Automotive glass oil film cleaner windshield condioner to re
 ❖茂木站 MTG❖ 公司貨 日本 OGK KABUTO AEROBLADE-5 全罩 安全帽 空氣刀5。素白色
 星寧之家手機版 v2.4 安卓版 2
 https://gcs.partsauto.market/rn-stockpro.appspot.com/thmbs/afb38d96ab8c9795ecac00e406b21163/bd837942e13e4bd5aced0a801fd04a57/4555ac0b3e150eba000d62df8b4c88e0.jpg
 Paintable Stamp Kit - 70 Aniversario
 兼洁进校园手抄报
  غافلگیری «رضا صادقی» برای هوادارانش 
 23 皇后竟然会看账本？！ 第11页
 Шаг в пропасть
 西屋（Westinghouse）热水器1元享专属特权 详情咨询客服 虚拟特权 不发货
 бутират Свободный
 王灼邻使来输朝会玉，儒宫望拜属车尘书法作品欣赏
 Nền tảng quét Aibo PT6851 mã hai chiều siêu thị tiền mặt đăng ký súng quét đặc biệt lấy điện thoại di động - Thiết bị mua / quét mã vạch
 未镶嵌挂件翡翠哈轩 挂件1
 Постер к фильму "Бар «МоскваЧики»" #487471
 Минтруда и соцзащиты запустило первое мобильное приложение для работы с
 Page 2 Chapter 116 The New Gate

◆ ◆ ◆ ◆ ◆

Instructions for the task: Return, exactly and without additions, the lines that run from the one containing "未镶嵌挂件翡翠哈轩 挂件1" to the end of the material above.

Problem solution:
 未镶嵌挂件翡翠哈轩 挂件1
 Постер к фильму "Бар «МоскваЧики»" #487471
 Минтруда и соцзащиты запустило первое мобильное приложение для работы с
 Page 2 Chapter 116 The New Gate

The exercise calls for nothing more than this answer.